REQUIRED WORK » Set the pictures aside and return each record below precisely as written.

Web page caption snippets

##########

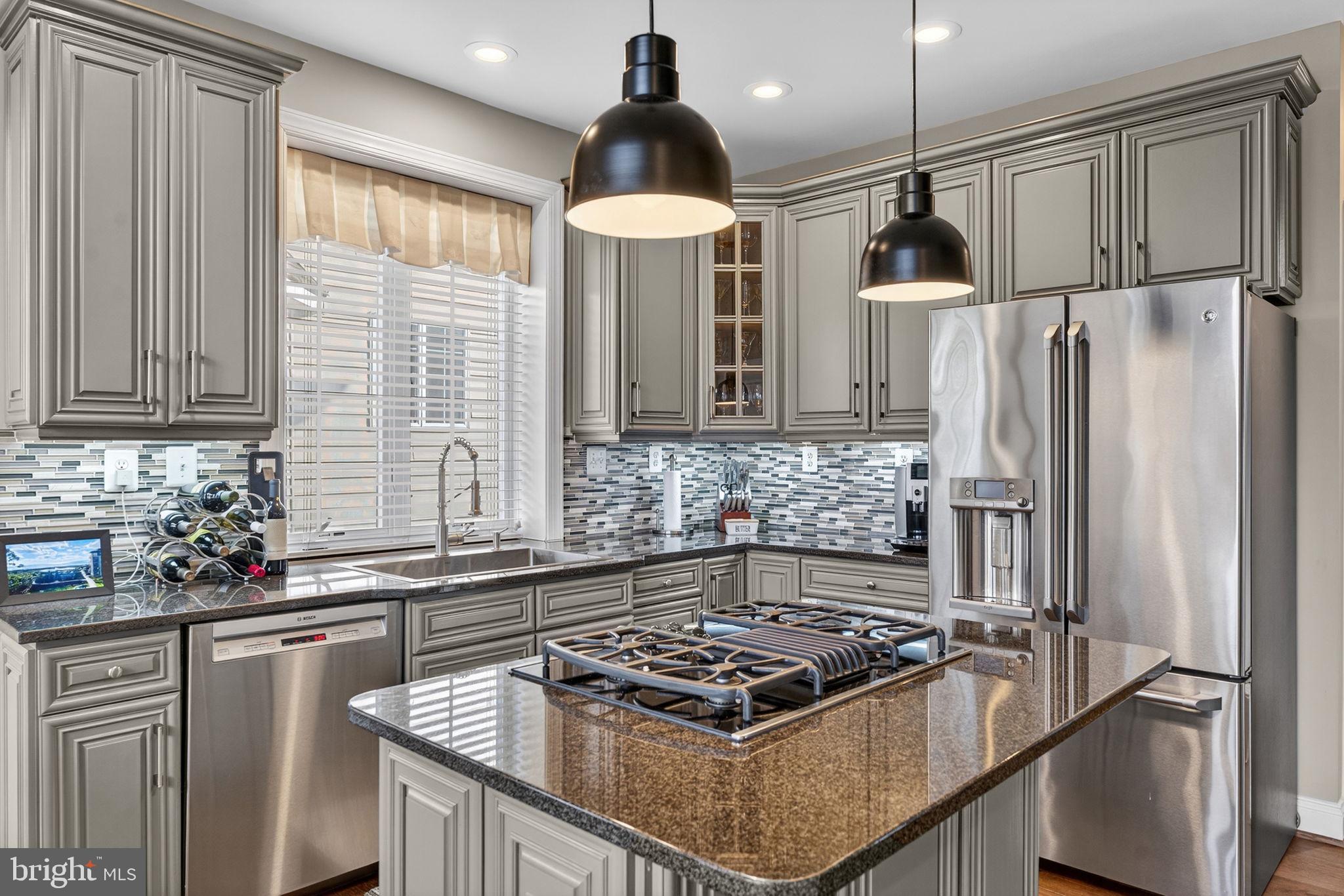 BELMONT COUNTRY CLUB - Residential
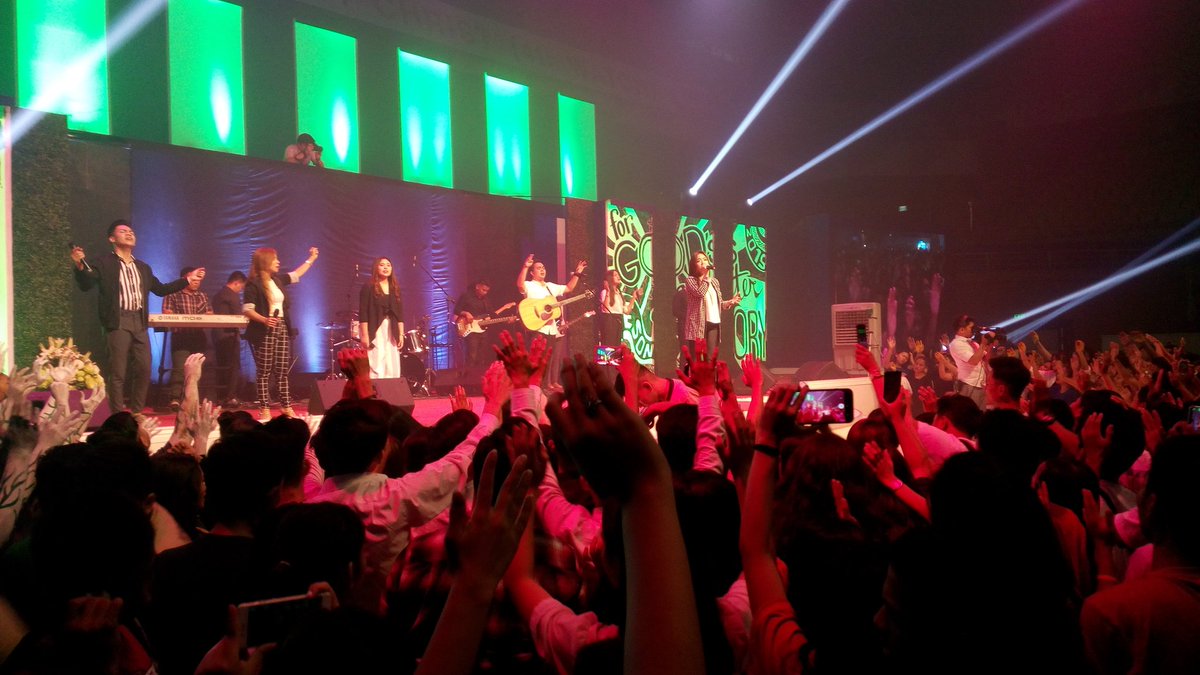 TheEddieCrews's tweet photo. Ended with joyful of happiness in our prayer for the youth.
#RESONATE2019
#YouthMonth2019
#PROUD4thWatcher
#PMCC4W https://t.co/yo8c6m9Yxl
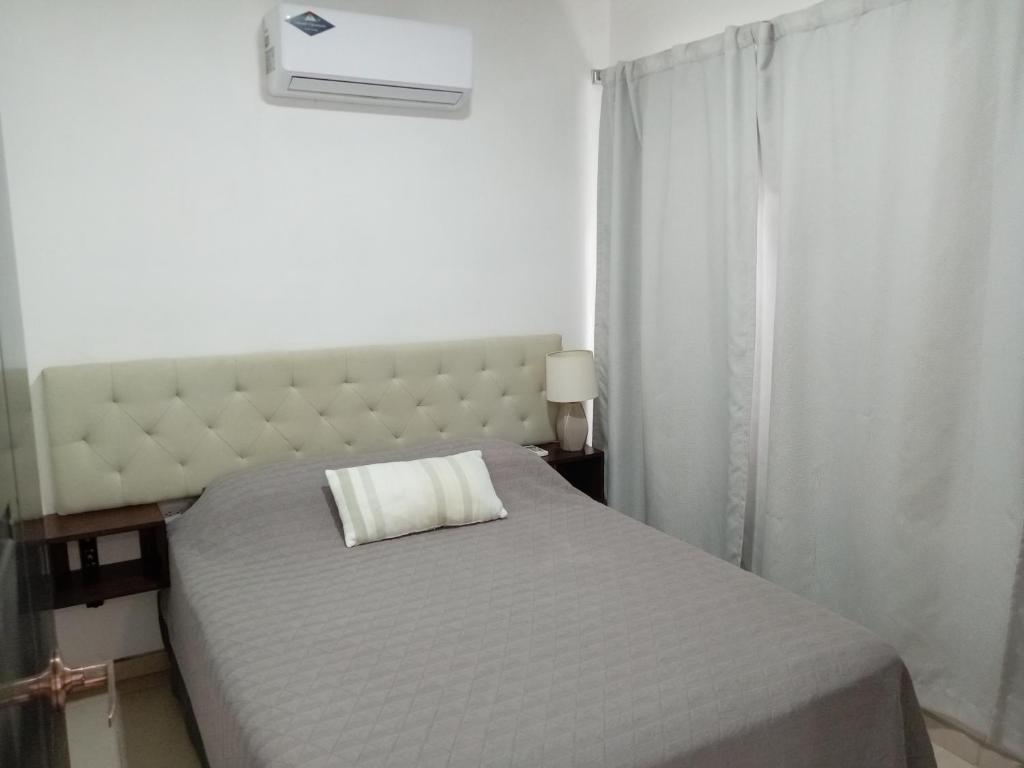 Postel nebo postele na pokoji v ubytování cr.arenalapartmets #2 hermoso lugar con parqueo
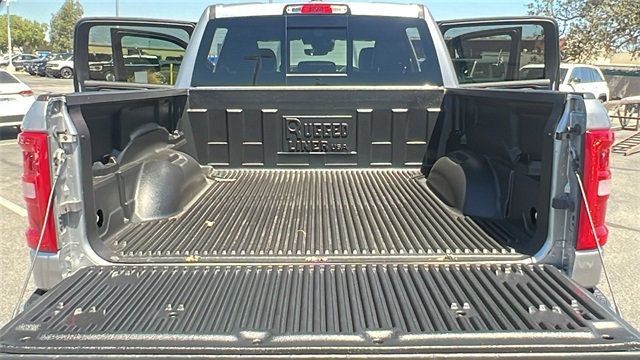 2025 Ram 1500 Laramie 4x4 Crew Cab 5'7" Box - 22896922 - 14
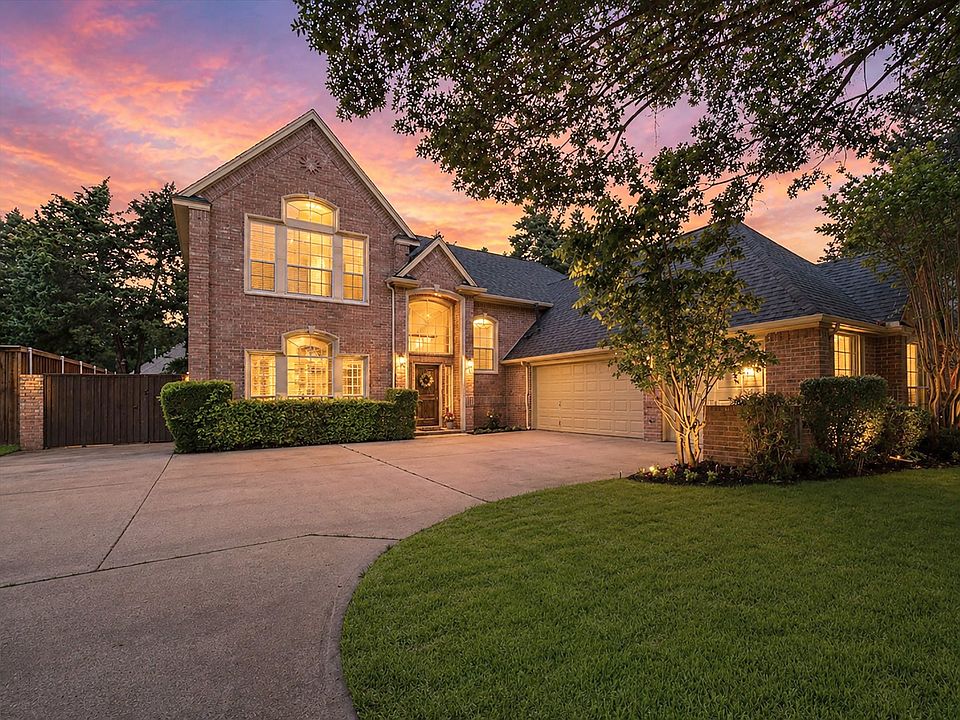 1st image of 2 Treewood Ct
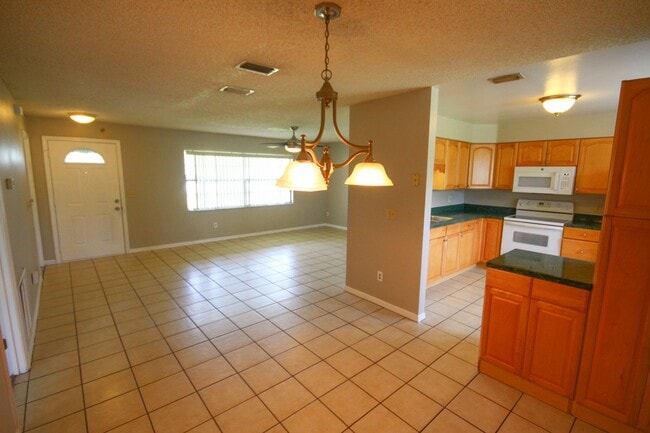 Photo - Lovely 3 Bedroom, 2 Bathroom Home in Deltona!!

##########

ANSWER TO THIS PROBLEM »
 BELMONT COUNTRY CLUB - Residential
 TheEddieCrews's tweet photo. Ended with joyful of happiness in our prayer for the youth.
#RESONATE2019
#YouthMonth2019
#PROUD4thWatcher
#PMCC4W https://t.co/yo8c6m9Yxl
 Postel nebo postele na pokoji v ubytování cr.arenalapartmets #2 hermoso lugar con parqueo
 2025 Ram 1500 Laramie 4x4 Crew Cab 5'7" Box - 22896922 - 14
 1st image of 2 Treewood Ct
 Photo - Lovely 3 Bedroom, 2 Bathroom Home in Deltona!!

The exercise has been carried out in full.